AE 11: Inference for Multiple Linear Regression

Credit Cards

Important
  • Open RStudio and create a subfolder in your AE folder called “AE-11”.

  • Go to the Canvas and locate your AE-11 assignment to get started.

  • Upload the ae-11.qmd file into the folder you just created. The .qmd and PDF responses are due in Canvas. You can check the due date on the Canvas assignment.

Packages + data

library(tidyverse)
library(ggformula)
library(broom)
library(knitr)
library(ISLR2)
library(GGally)
library(yardstick)

The data for this AE is from the Credit data set in the ISLR2 R package. It is a simulated data set of 400 credit card customers. We will focus on the following variables:

Predictors

  • Income: Annual income (in 1000’s of US dollars)
  • Rating: Credit Rating

Response

  • Limit: Credit limit

Analysis goal

The goals of this activity are to:

  • Perform inference for multiple linear regression
  • Conduct/interpret hypothesis tests
  • Construct/interpret confidence intervals

Exercise 0

Fit and display two linear regression models predicting Limit from Income and Rating. In one, include an interaction term between the two variables and in the other, do not.

Exercise 1

Consider the model without an interaction term.
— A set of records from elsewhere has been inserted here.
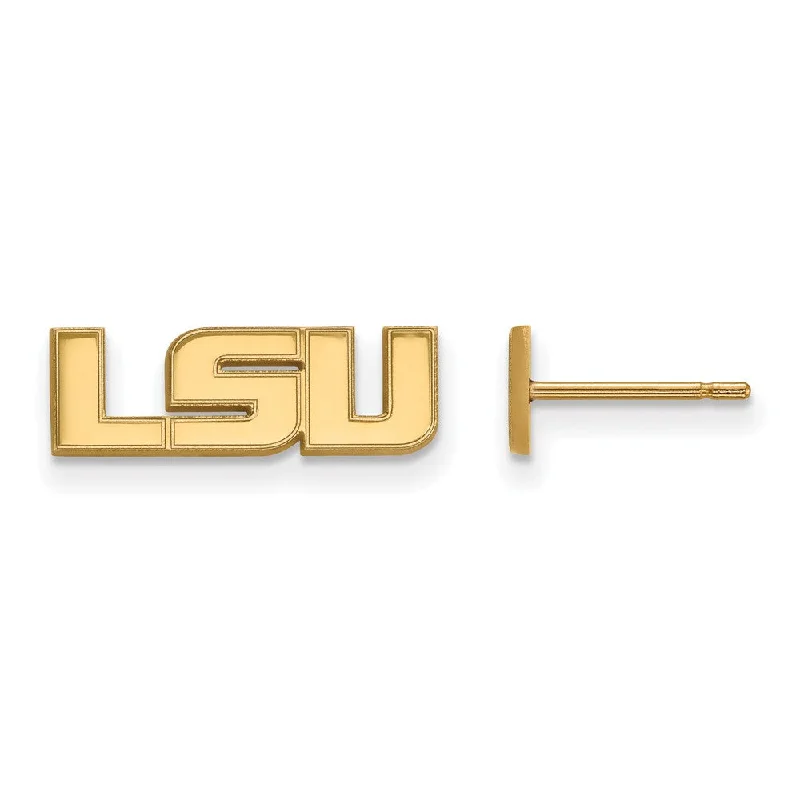 Ladies earrings elegant styles-14k Gold Plated Silver Louisiana State Univ. XS (Tiny) Post Earrings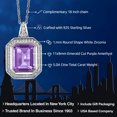 thumbnail image 2 of Gem Stone King 5.20 Ct Emerald Cut Purple Amethyst 925 Sterling Silver Pendant, 2 of 5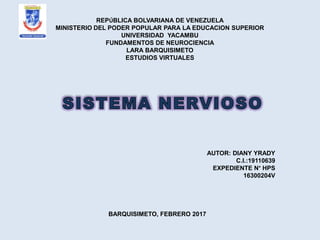 REPÚBLICA BOLVARIANA DE VENEZUELA
MINISTERIO DEL PODER POPULAR PARA LA EDUCACION SUPERIOR
UNIVERSIDAD YACAMBU
FUNDAMENTOS DE NEUROCIENCIA
LARA BARQUISIMETO
ESTUDIOS VIRTUALES
AUTOR: DIANY YRADY
C.I.:19110639
EXPEDIENTE N° HPS
16300204V
BARQUISIMETO, FEBRERO 2017
 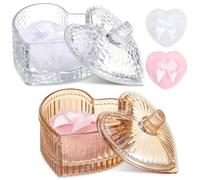Tioncy 4 spugnette grandi per cipria e contenitori, extra large, morbide, lavabili, riutilizzabili, soffici, spugnette per il trucco bagnate e asciutte (cuore, ambra e trasparente)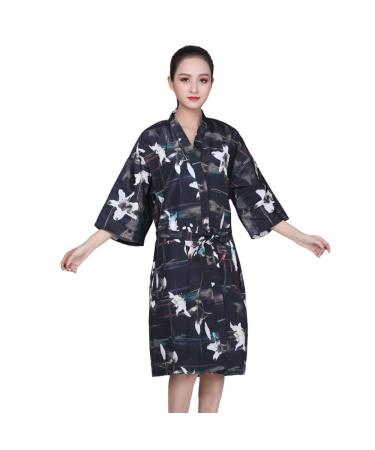 Salon Client Gown Robe Kimono Style Hair Salon Smock Hairdressing Clothes for Salon and Home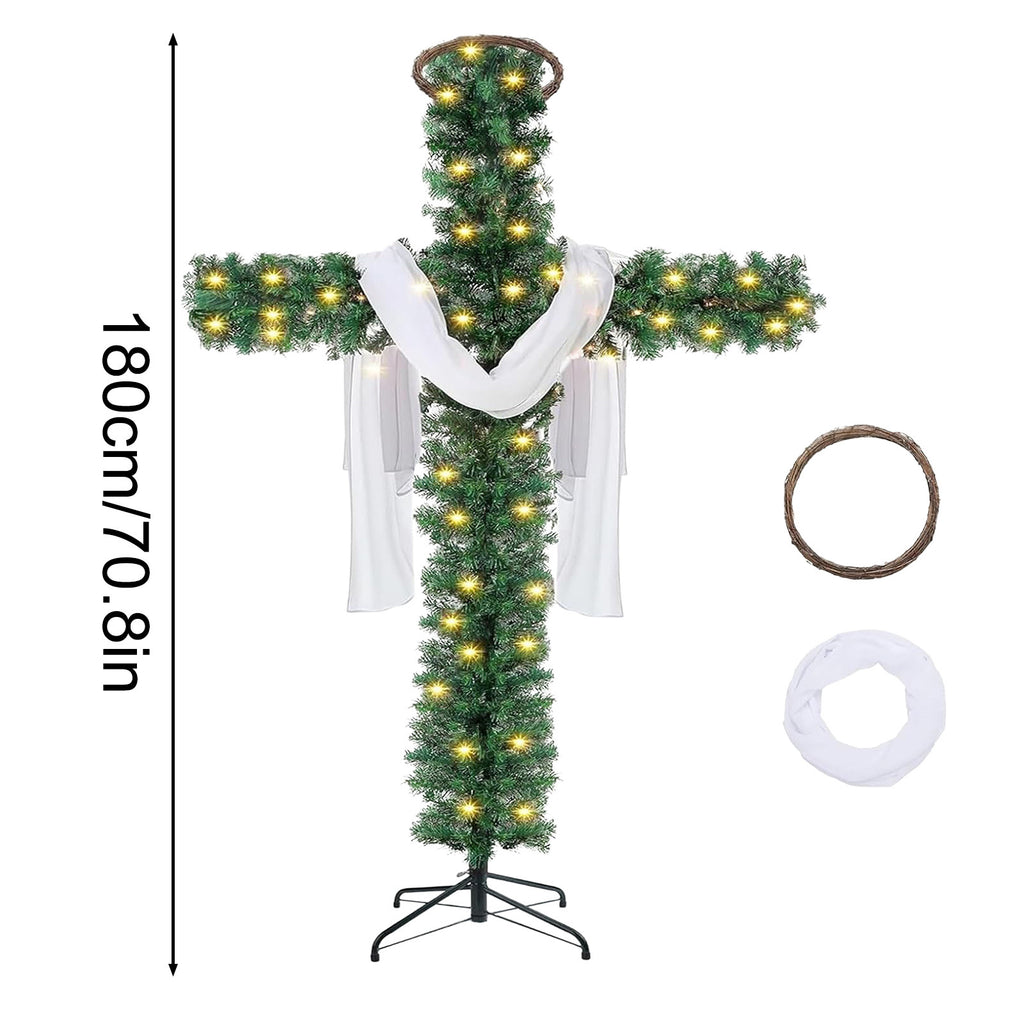 Stacked and packaged PVC Christmas tree showing compact storage design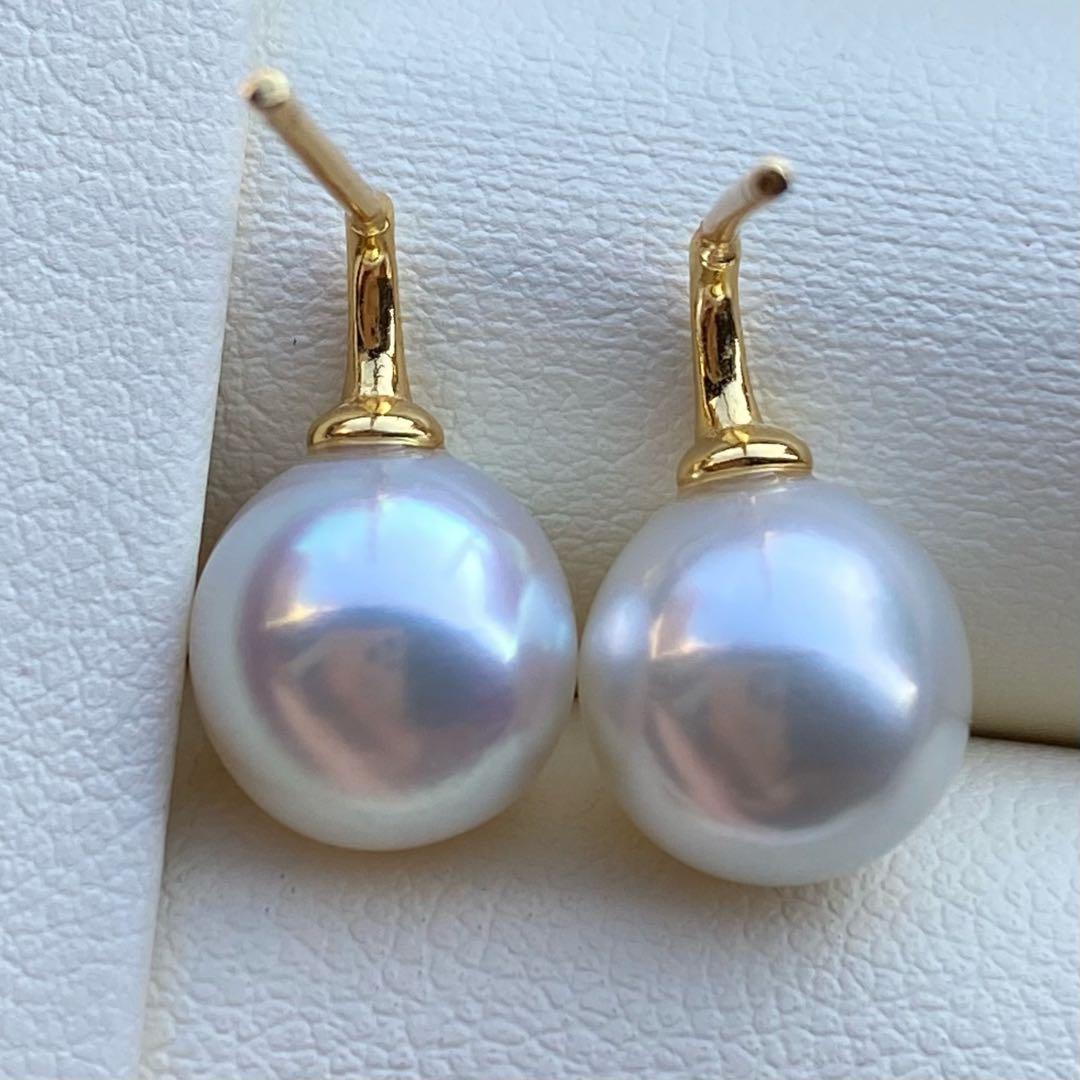 本真珠　あこや真珠ピアス　9.5*9mm無調色ホワイトP1194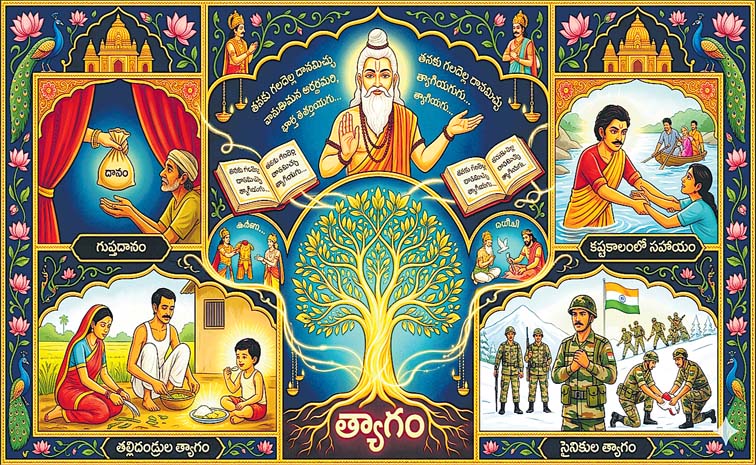 త్యాగ గుణం మానవుని దైవస్థాయికి చేర్చును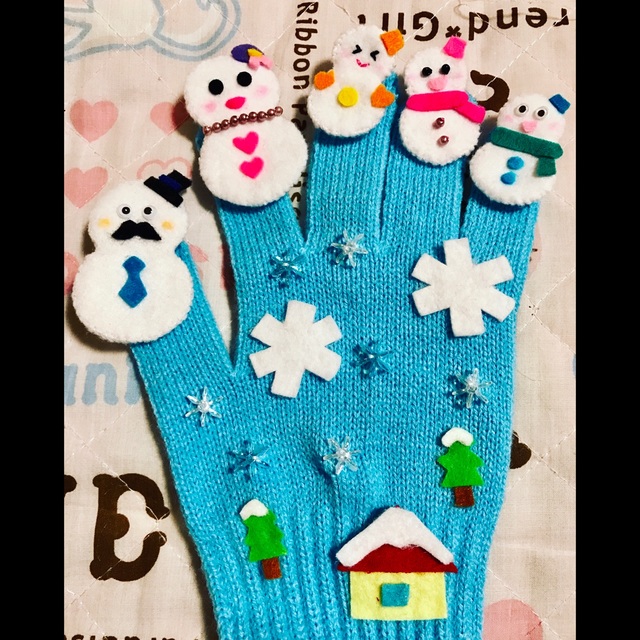 【みんなの投稿】雪だるまのチャチャチャ☆手袋シアター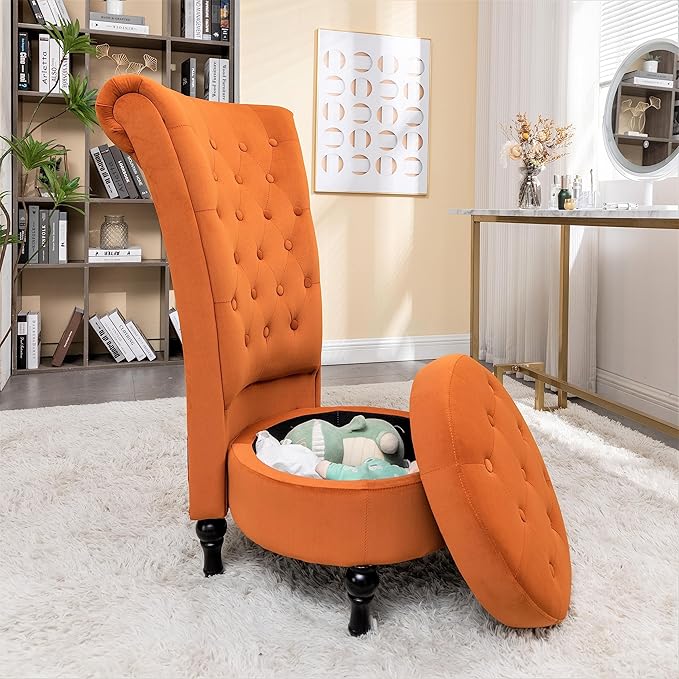 Royal High-Back Velvet Accent Chair for Vanity with Storage and Luxurious Upholstery, Retro Design and Versatile Usage for Livingroom, Bedroom, Lounge and Office, Red Orange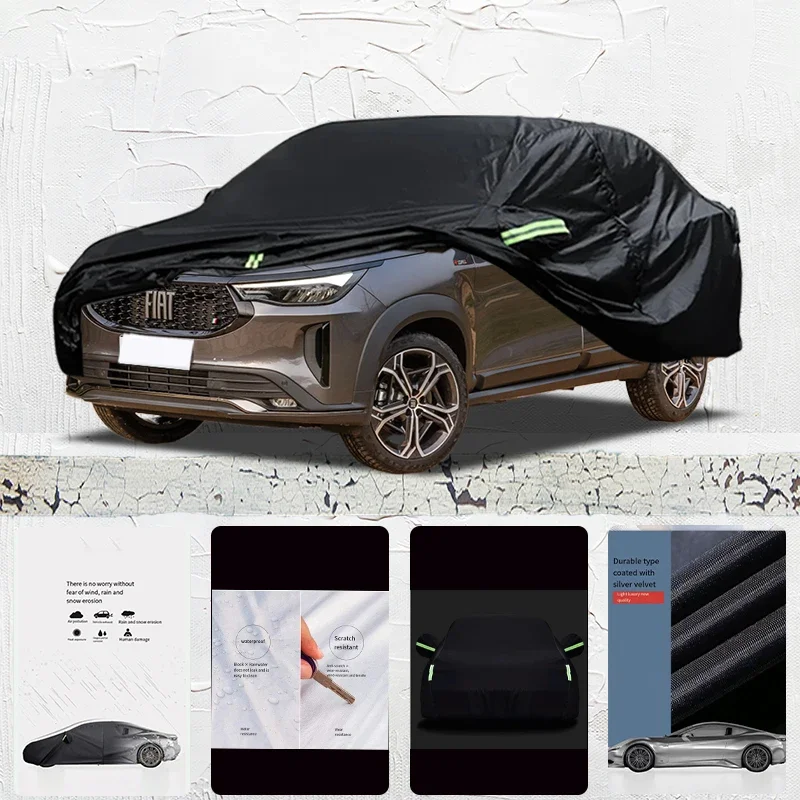 

For Fiat Fastback Anti-UV Sun Shade Rain Snow Resistant Black Cover Dustproof Car umbrella Full Car Cover Outdoor Protection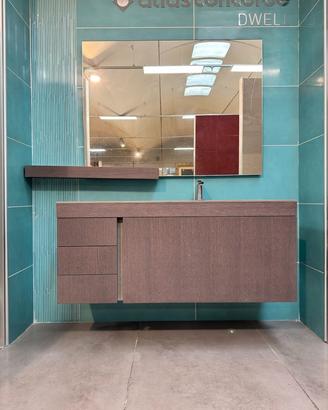 Mobile bagno sospeso specchio con mensola incluso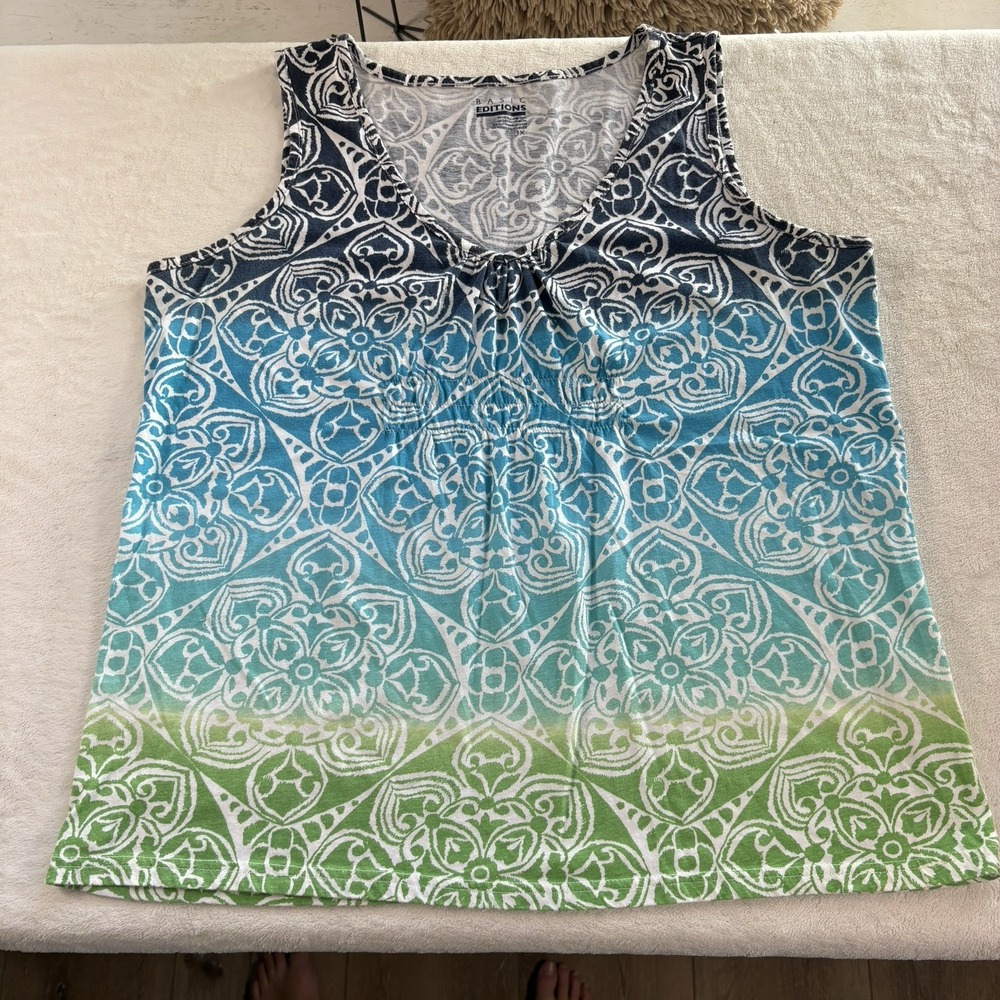 Basic Editions Womens 1X Tank Top Blue Green Ombre Scroll Print Sleeveless Top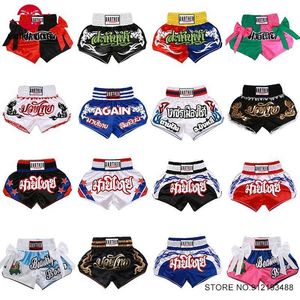 Costumi da bagno maschile muay thai pantaloncini in raso pantaloni da allenamento da donna maschile ragazze arti marziali alle prese taekwondo q240429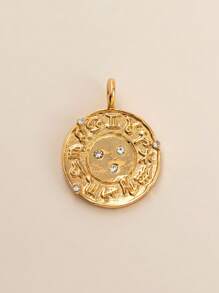 18K Gold Plated Zodiac & Lucky Charms, Vintage Astrology Pendants For DIY Necklace, Sacred Heart, Compass, Scarab, Boho Jewelry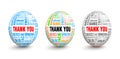 3D balls with words Thanks in different languages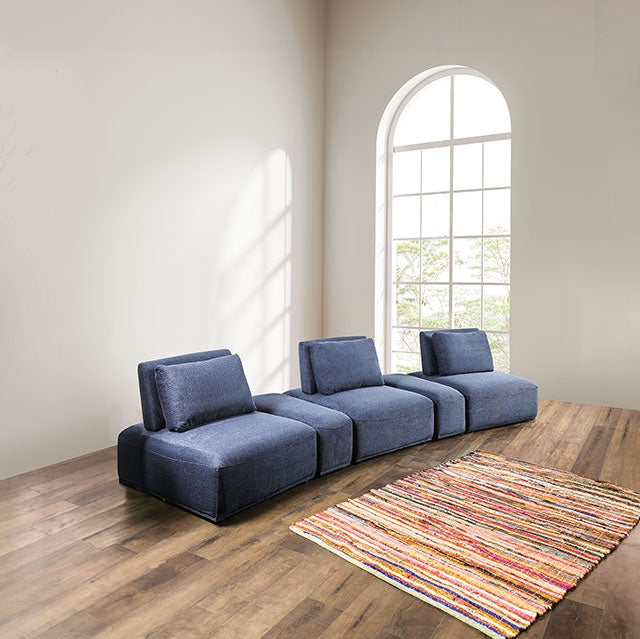 Furniture Of America Stavanger Curved 3-Seater FM63001BL-G Blue Contemporary - sofafair.com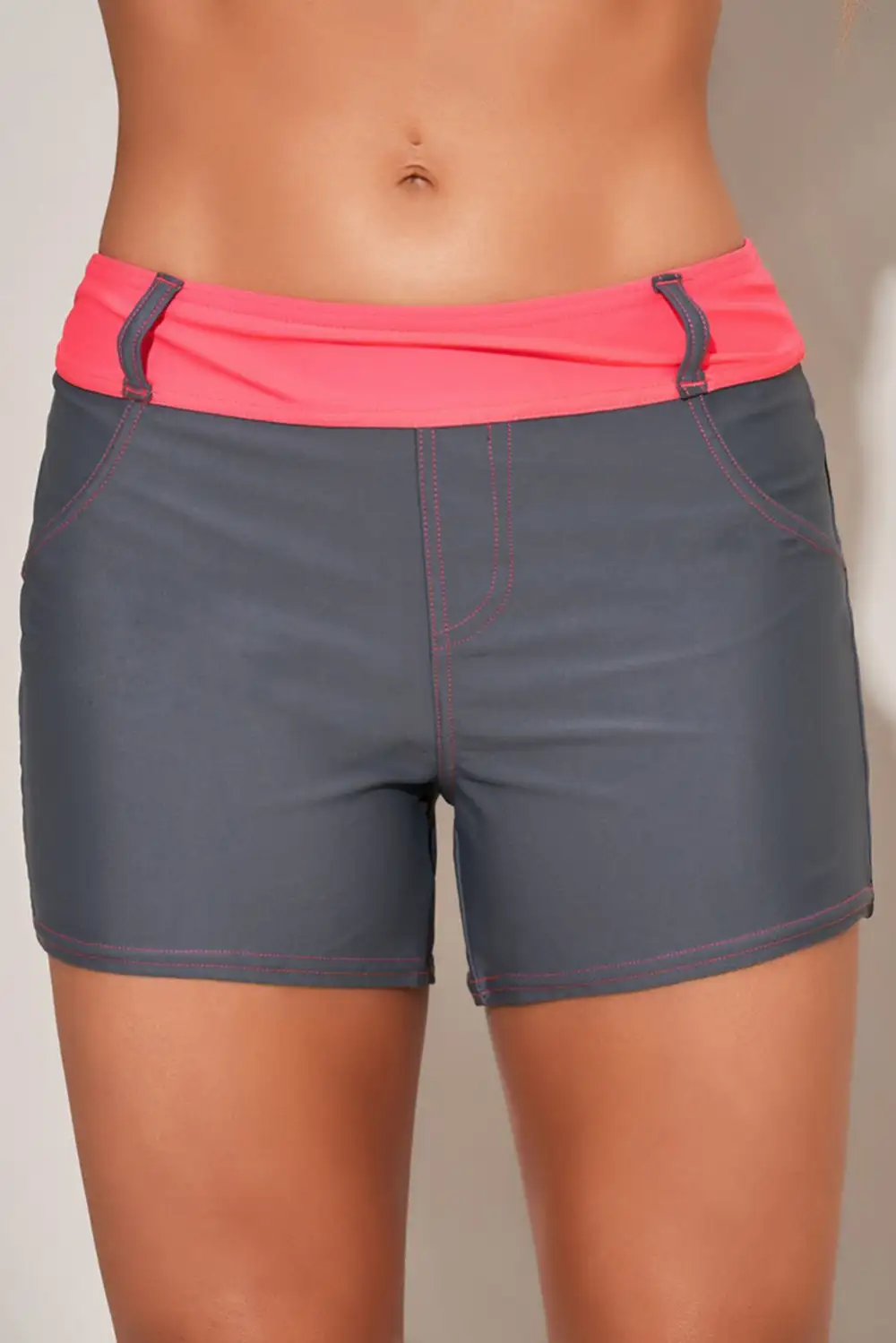 Swimwear Coral Waistband Faux Denim Sports Shorts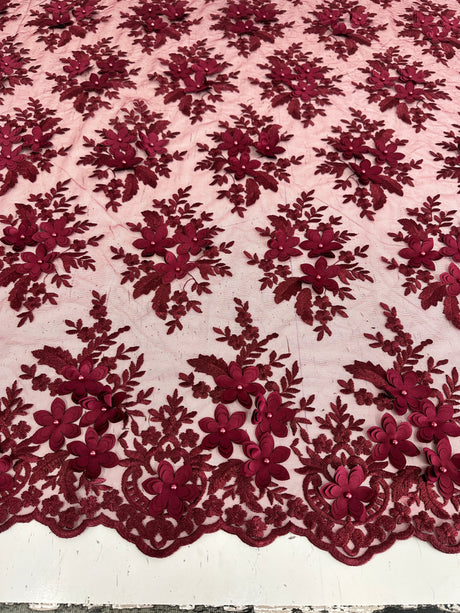 Burgundy 3D Flower Scalloped Mesh Lace
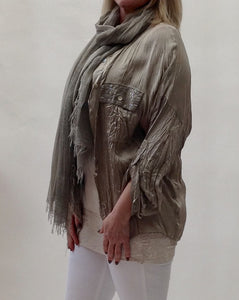 Milan Silk and Sequin Crinkle Silk Shirt in Mocha Made In Italy By Feathers Of Italy - Feathers Of Italy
Perform a hypothesis test on Rating (fill in the blanks where appropriate:

  1. Set hypothesis: \(H_0: \beta_{Rating} [fill in]\) vs. \(\beta_{Rating} [fill in]\). Restate these hypothesis in words: [fill in]
  2. Calculate test statistics and p-value: The test statistic is \([fill in]\). The p-value is \([fill in]\).
  3. State the conclusion: [fill in]

Exercise 2

Consider the model with an interaction term. Interpret the p-value associated with Income and the p-value associated with the interaction term.

Exercise 3

Generate 95% confidence intervals for the model without an interaction term. Hint: use the tidy function with the argument conf.int = TRUE. Interpret the confidence interval for Income and explain why the combination of p-value and confidence interval makes sense.

Exercise 4

What does it mean for two things to be independent in statistics (feel free to use google)? Do we think our p-values/confidence intervals are independent across variables?

To submit the AE

Important
  • Render the document to produce the PDF with all of your work from today’s class.
  • Upload your QMD and PDF files to the Canvas assignment.